Hands-On With Coalesce MCPs: Transform, Catalog, and Quality

Part 2: Going from ad-hoc to production prompts with Claude skills
Table of Contents

    In part 1 of this series, we looked at how to use MCPs across the Coalesce suite, and how they let us speed up workflows like root cause analysis and tagging owners. In part 2, we go a level up and look at how to use skills to package those workflows into reproducible recipes that follow the same path each time.

    Introduction to skills

    A skill is a markdown file (SKILL.md) plus optional supporting files that provide instruction about how to perform a task. While skills are not unique to Claude, we’ll focus on using them with Claude’s approach for the remainder of this article. In short, a skill tells Claude what the task is, what tools to use, what good output looks like, and what to avoid.

    Claude is designed to help identify which skills to use. When a conversation starts, Claude reads the skill description and automatically tries to match it against what the user is asking. You can also force a skill explicitly. Typing / brings up the available skills and lets you pick one directly.

    Skills are only as good as the underlying data they can access, so the more context you can pass through MCPs, the better the skills you can build on top. Our Coalesce examples here rely heavily on this, using metadata around data transformations, governance definitions, and data quality.

    Planning a skill suite

    For data roles specifically, I like to think of data skills as jobs to be done. These can be grouped into areas of responsibility such as data quality, data modelling, analytics, data governance, and each job category contains specific jobs. This is powerful and for example lets us encode our testing philosophy as a skill so each time data engineers want to add new tests, they can do it with the add‑tests‑to‑node skill that follows our standards (internally we’ve taken this a step further and encoded our data quality guide as a skill with step by step instructions for how to add high–impact tests).

    Organize skills around jobs to be done

    As a rule of thumb, the more often you find yourself doing a workflow, and the more time it takes, the more likely it is to benefit from being converted into a skill.

    Each skill is written with a description that helps Claude quickly navigate to the right one for the job. So when someone asks to “triage this issue,” the model consistently points them to that skill and they get all the right context, instead of the model chaining LLM calls and reinventing the workflow each time.
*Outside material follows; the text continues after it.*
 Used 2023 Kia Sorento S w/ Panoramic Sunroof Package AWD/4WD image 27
That’s the benefit of building out a deliberate skill suite, and a good way to figure out which skills you should build.

    Let’s put it into practice by building an actual skill.
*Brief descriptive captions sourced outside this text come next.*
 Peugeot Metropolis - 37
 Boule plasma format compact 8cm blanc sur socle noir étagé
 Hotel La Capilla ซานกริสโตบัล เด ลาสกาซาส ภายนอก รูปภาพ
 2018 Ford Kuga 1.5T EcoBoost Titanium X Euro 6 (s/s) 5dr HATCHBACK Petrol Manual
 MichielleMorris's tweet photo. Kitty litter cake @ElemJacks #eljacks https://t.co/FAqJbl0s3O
    Deep dive: designing a skill for a weekly data quality report

    A common challenge we see customers face is wanting a weekly data quality report. We’ve designed this inside our product, but customers often want bespoke metrics that fit their use cases.

    This may look simple on the surface but designing this as a skill requires some deliberate choices. A few things to consider before we start writing the skill:

    • What should the structure of the report look like
    • What counts as a “data issue”, are all severities included, or only error
    • Should it be actionable, tagging owners, linking to data products, suggesting next steps

    We could start documenting all these steps manually but creating a skill for it is a much better idea.

    Using skill-creator to create the skill

    Claude’s skill-creator is excellent for kickstarting most of the process and then iterating with your own feedback. It takes in a description of what you want and walks you through creating the skill

    The prompt we used:

    Use skill-creator to create a skill that generates a weekly data quality report from Coalesce Quality and posts it to Slack. Use when the user asks for a “weekly data quality report,” “Coalesce Quality weekly summary,” “data health digest,” “weekly DQ recap,” or anything that combines Coalesce Quality incidents/issues/test results with a Slack delivery. Covers open incidents, open issues, failing monitors, recent execution failures, and affected entities over the past 7 days.

    There are three key parts to a good description: what it does + when to use it + key capabilities.

    With this information, Claude will create a skill following the best practice structure, and using its best understanding of the tools available in the connected MCPs. Importantly for our example, it defaults to using prescriptive instructions for each step, by mentioning the tool name it uses. This helps us give confidence that each time it’s run, it produces the same result, which is exactly what we want.

    Anatomy of a skill

    The better the description is, the better the first iteration of the skill is. Below are a few examples of descriptions that are not as good of a starting point.

    “Create a weekly data quality report”. This says nothing about when to trigger or what it contains, and leaves too much up to interpretation about which metrics to use.

    “Use list_incidents… to create a weekly data quality report…”. Specifying this level of detail is too technical for a first draft. Claude will automatically capture a lot of this from a good natural language description, and you can instead go back and edit the skill with these details later on.

    The result

    A few real-world things the first draft didn’t handle, which we ended up editing in by hand:

    • Whether the report goes for review before being sent, or posts directly
    • Which Slack channel it should go to (and what happens when the default doesn’t exist in the workspace)
    • Whether the time window is adjustable, what if we want a monthly report instead of weekly?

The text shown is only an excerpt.